Question

How do you graph $y=-\dfrac{3}{5}x+1$ ?

Answer 1

Hint: For answering this question we need to draw the graph of $y=-\dfrac{3}{5}x+1$ . For drawing the graph of the straight line we will find the intercepts of the given equation of the straight line and plot them and join them and extend the line formed. The intercepts are the respective points when the other variable is zero.

Complete step-by-step solution:
Now considering from the question we have to draw the graph of $y=-\dfrac{3}{5}x+1$ .
From the basics of the concept we know that for drawing the graph of the straight line we need to find the intercepts of the given equation of the straight line and plot them and join them and extend the line formed.
The intercepts are the respective points when the other variable is zero.
The $\text{x-intercept}$ is given by substituting $y=0$ in the given equation of the straight line.
After substituting we will have
$\begin{align}
  & \Rightarrow 0=-\dfrac{3}{5}x+1 \\
 & \Rightarrow -1=-\dfrac{3}{5}x \\
 & \Rightarrow x=\dfrac{5}{3} \\
\end{align}$
The $\text{y-intercept}$ is given by substituting $x=0$ in the given equation of the straight line.
After substituting we will have
$\begin{align}
  & \Rightarrow y=-\dfrac{3}{5}\left( 0 \right)+1 \\
 & \Rightarrow y=1 \\
\end{align}$
 So now we have two points lying on the straight line $\left( 0,1 \right)$ and $\left( \dfrac{5}{3},0 \right)$ .
Now we will plot these two points and join them and extend them to form a straight line. The graph of the straight line is shown below.

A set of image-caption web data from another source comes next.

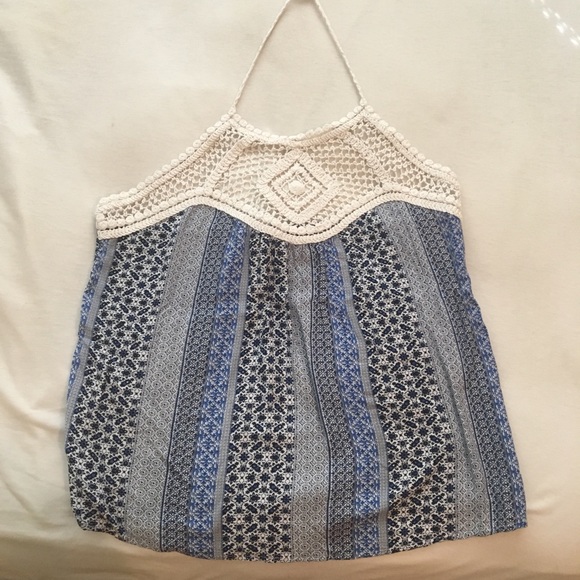 Blue Halter Top with Crocheted detail! - Picture 1 of 4
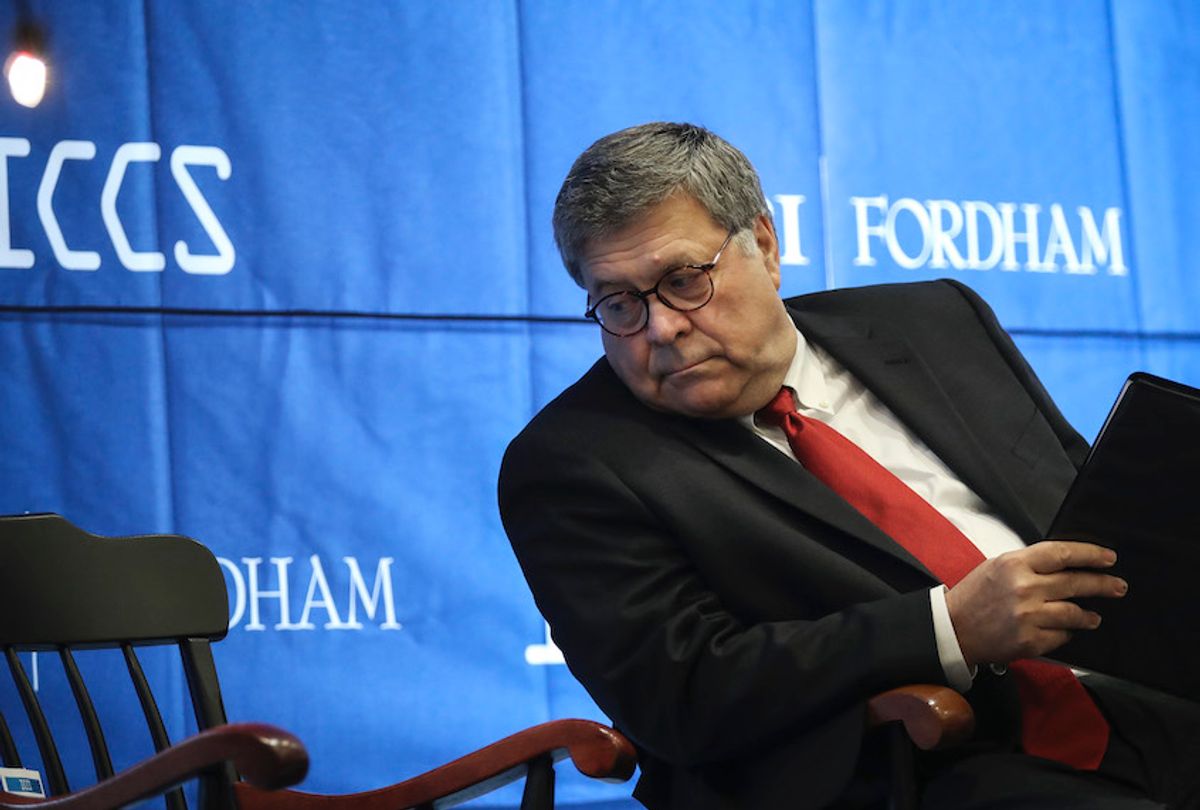 U.S. Attorney General William Barr waits to speak at the International Conference on Cyber Security at Fordham University School of Law on July 23, 2019 in New York City.  (Drew Angerer/Getty Images)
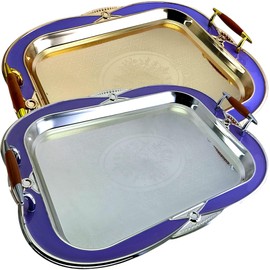 Maro Megastore (Pack of 2) 20.3 inch x 15.5 inch Floral Shape Antique Chrome Plated and Iron Gold Serving Tray with Handles Purple Edge Floral Engraved Dessert Buffet Decor Platter Plate Base TTL-013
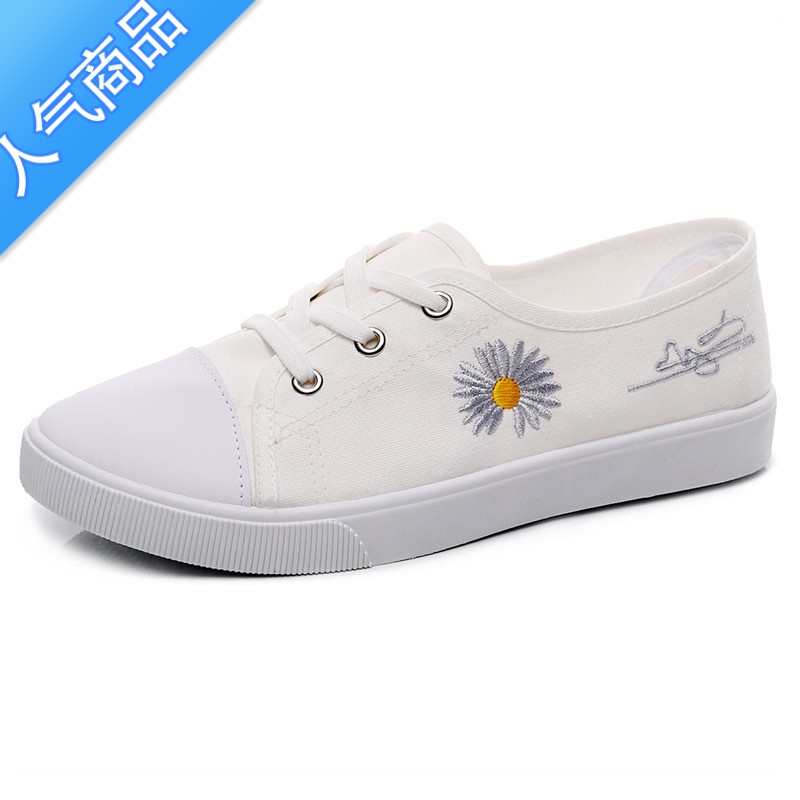 SUNTEK一脚蹬帆布鞋子女2023春季新款小雏菊老北京板鞋学生护士小白鞋女高清大图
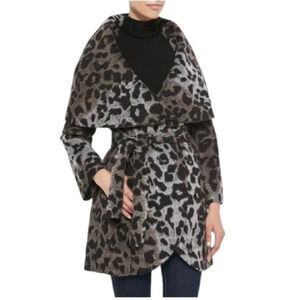 TAHARI |Women’s Marla Leopard Print Wrap Wool Oversized Shawl Collar Coat Size S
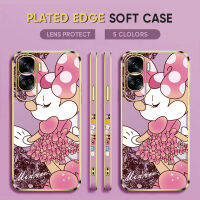 Diorcase For Honor 90 5G,90 Lite 5G ฟรีสายคล้อง + ชุดสีชมพู Minnie Mouse เคสขอบสี่เหลี่ยมลวดลายเคสโทรศัพท์ชุบเคสโทรศัพท์นิ่มหรูหรา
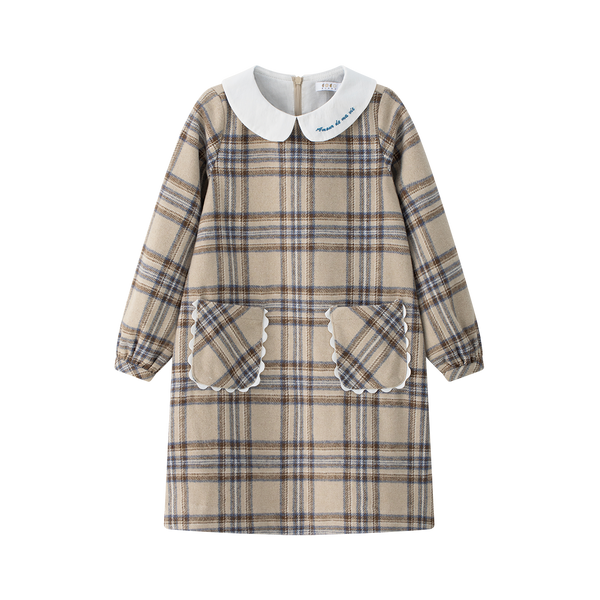 Beige and Blue Plaid A-line Dress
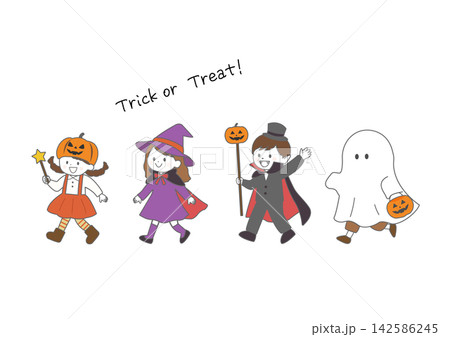 ハロウィンの子供たちイラスト 仮装した男の子と女の子・魔女・ドラキュラ・おばけ 142586245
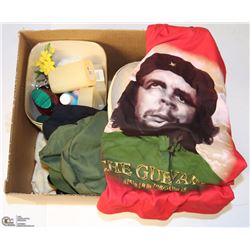 BOX OF ASST CLOTHING, DECORATIONS, TOILET BRUSH &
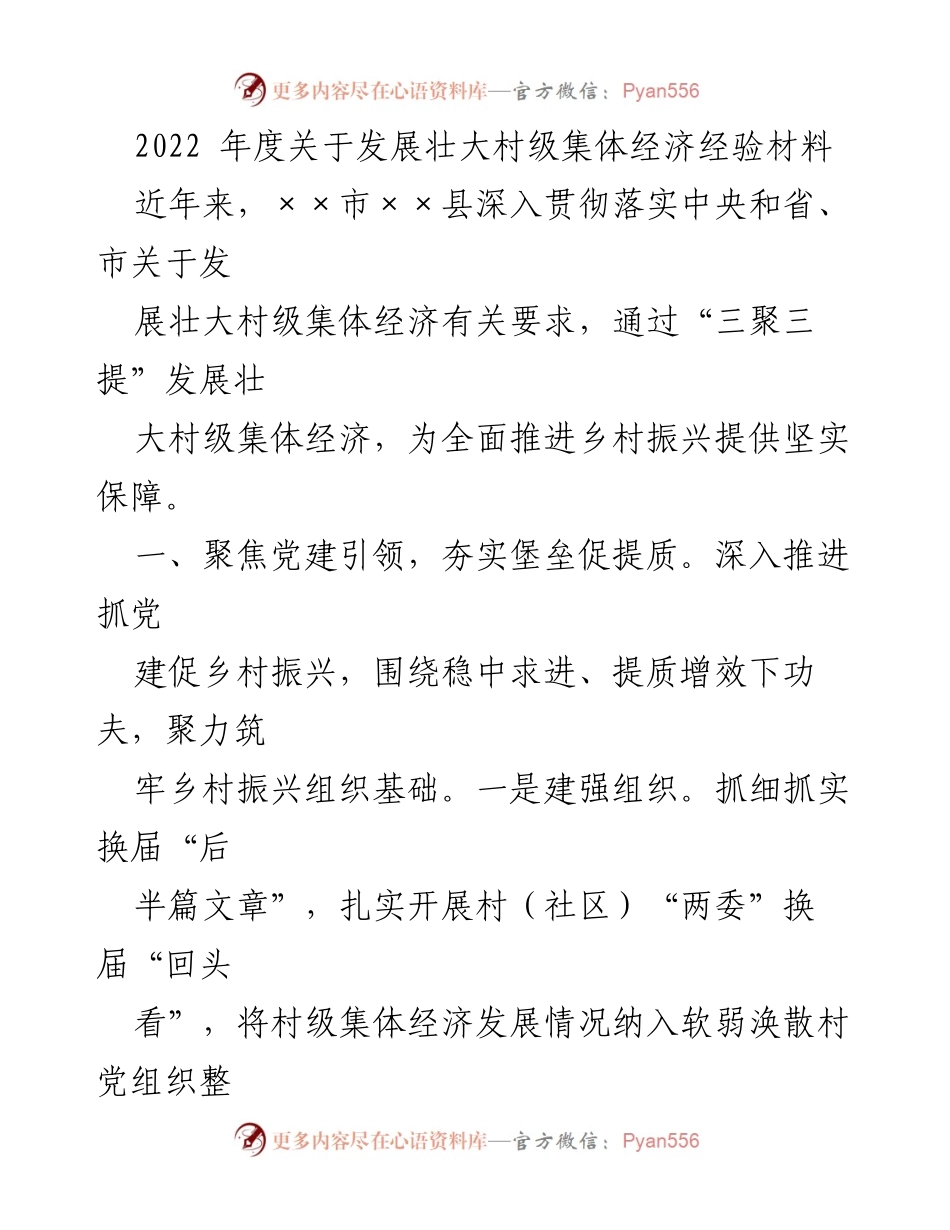 [工作总结] 乡村振兴 - 2022年度村级集体经济发展经验总结.docx_第1页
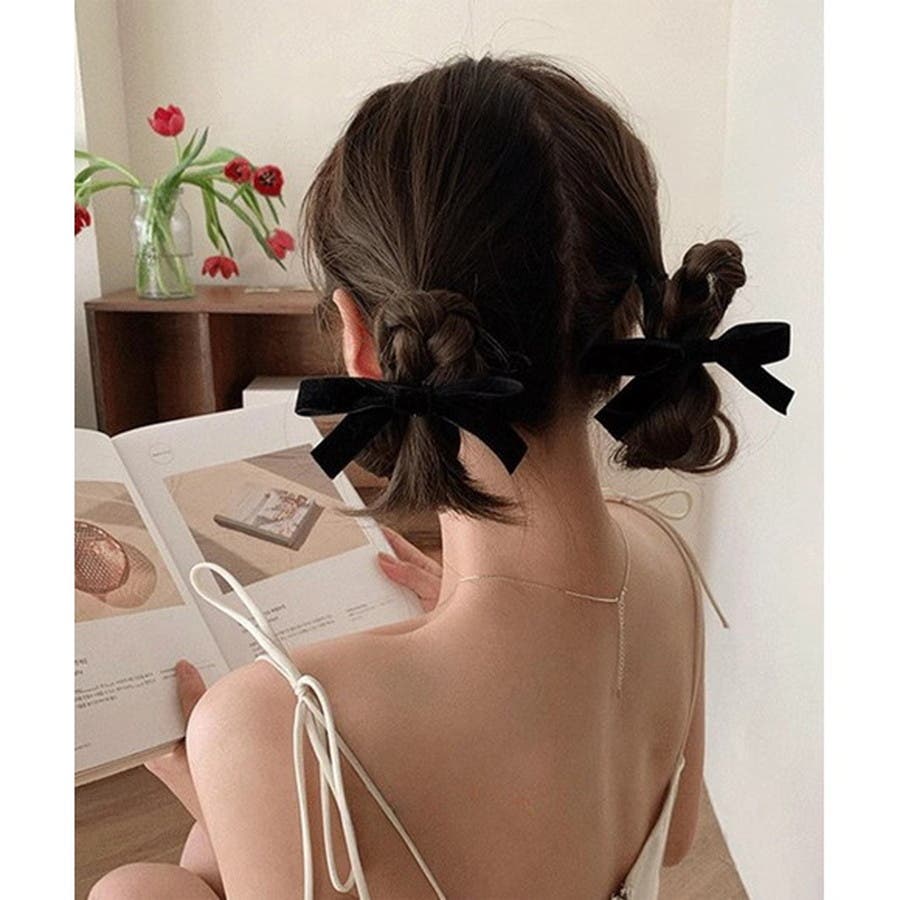 accessories mau coratali ヘアクリップ 2点セット ヘアクリップ Candy Clip ベロア パール ストーン レクタングル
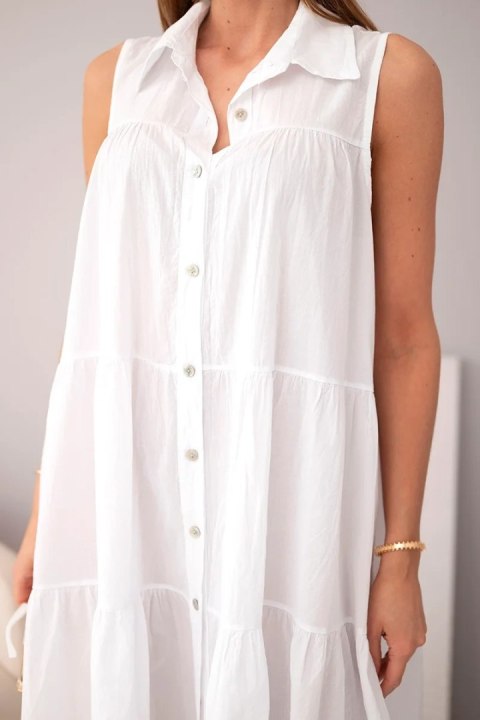 Sukienka damska bawełniana koszulowa bez rękawów z guzikami biała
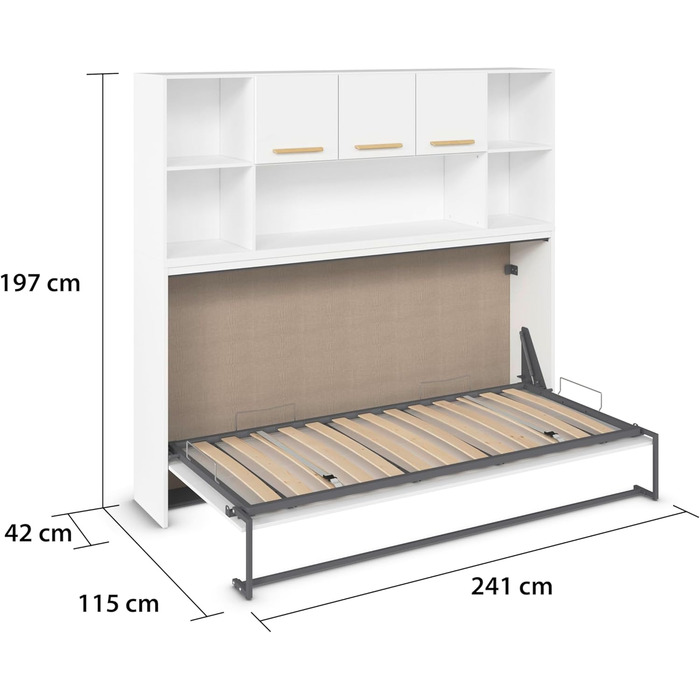 Меблі Rauch Albero, ліжко, настінне ліжко, поперечно розкладне ліжко, компактне настінне ліжко з каркасом ліжка, полицею та рейковою основою, спальна зона 90x200 см, колір білий, ручки з масиву дуба, 214x197x44 см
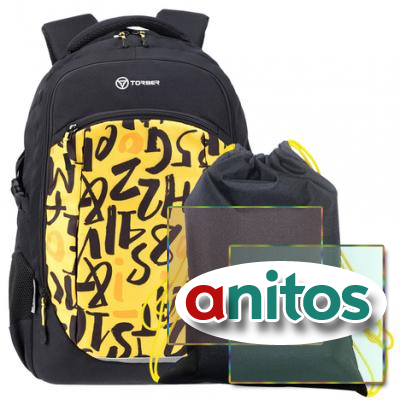 Рюкзак школьный Torber Class X, черно-желтый с принтом, 46x32x18 см + Мешок для обуви в подарок!
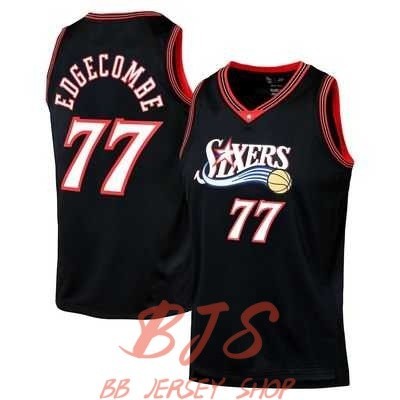 『 Nhấn nóng 』 Mới #77 Áo bóng rổ Edgecombe 76ers Áo đen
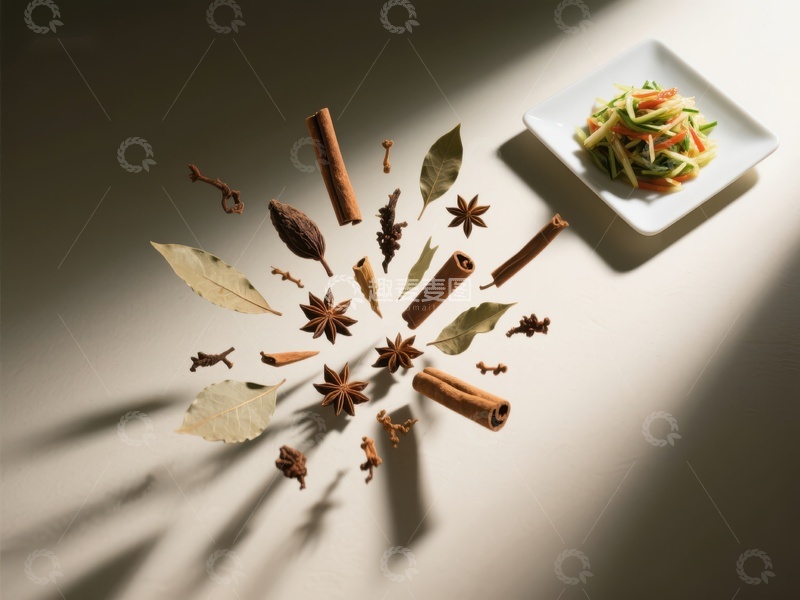 高清大图下载【趣麦麦图】香料与沙拉：光影下的美食艺术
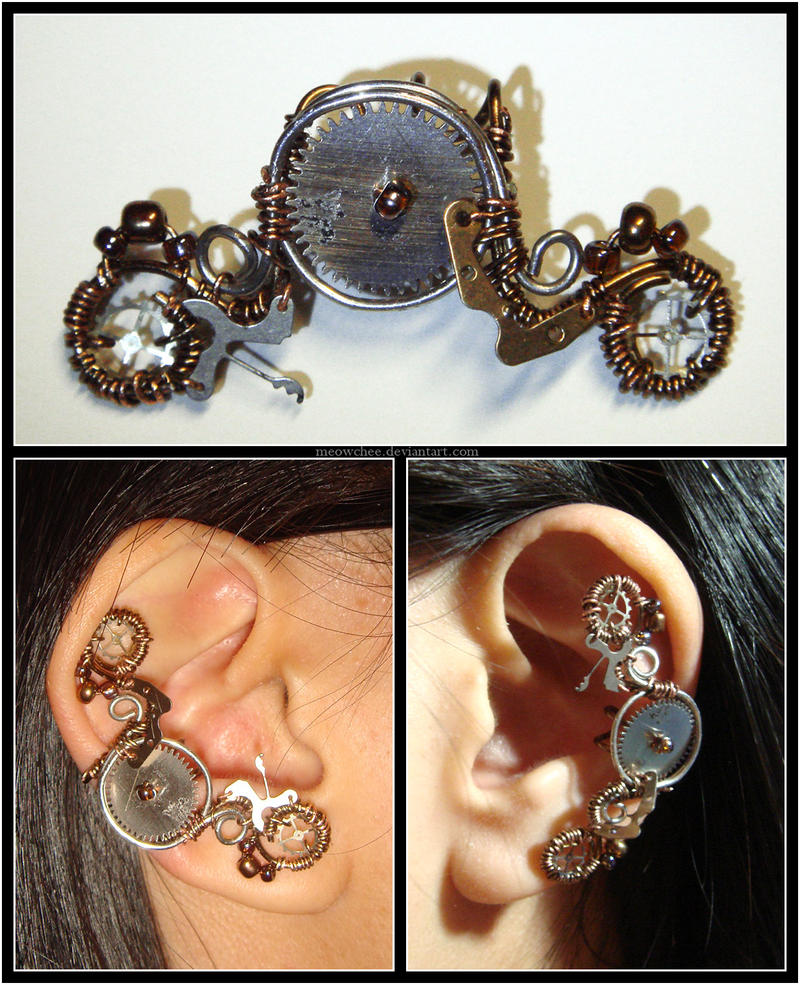 Steampunk Big Gear ear cuff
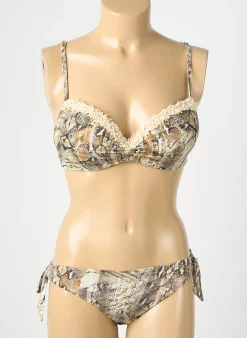 Maillot De Bain 2 Pièces Genius Marron Haut Soutien-gorge Push-up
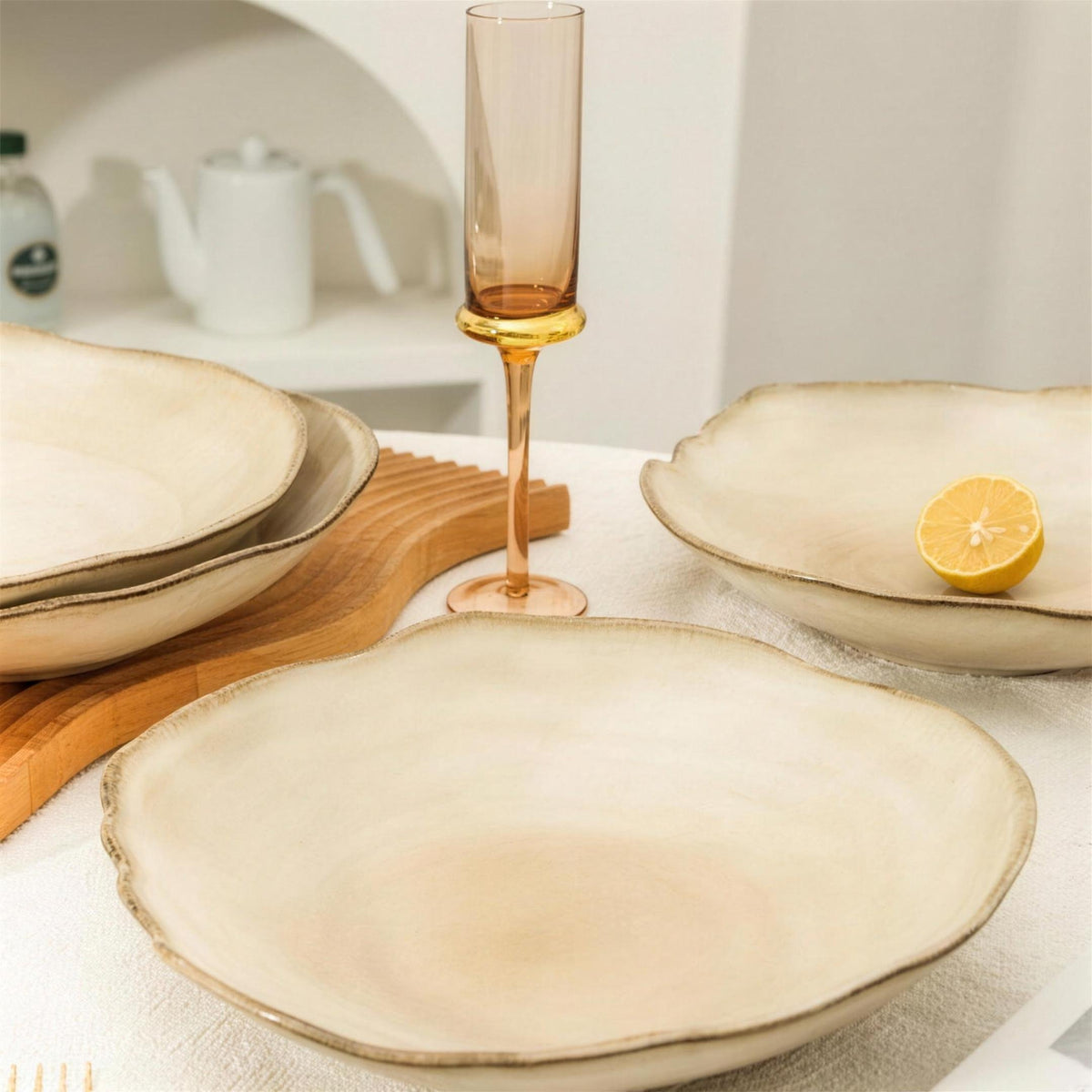 Lot de 4 assiettes creuses - Beige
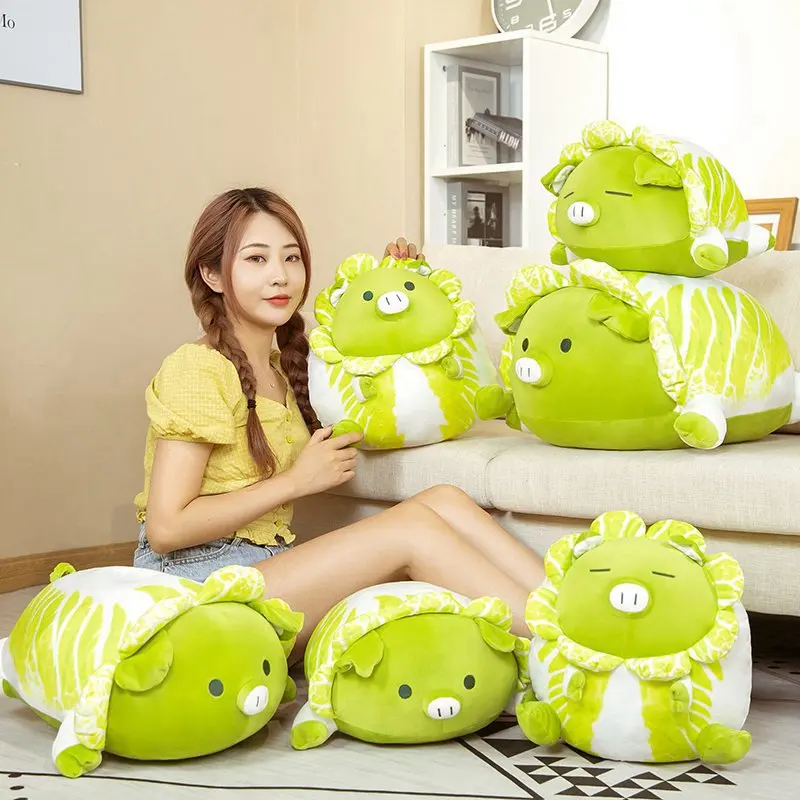 

Cute Fat Green and White Chinese Cabbage Piggy Plush Toy Soft Cartoon Vegetable Plants Pig Stuffed Doll Nap Pillow Cushion Gifts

Note: For answering this question we need to draw the graph of the given equation of the straight line so we need to be careful while plotting the points and extending the line. We should be careful while performing the calculations. The slope of this given straight line \[y=-\dfrac{3}{5}x+1\] is $\dfrac{-3}{5}$ as we know that the slope intercept form is given as $y=mx+c$ where $m$ is the slope.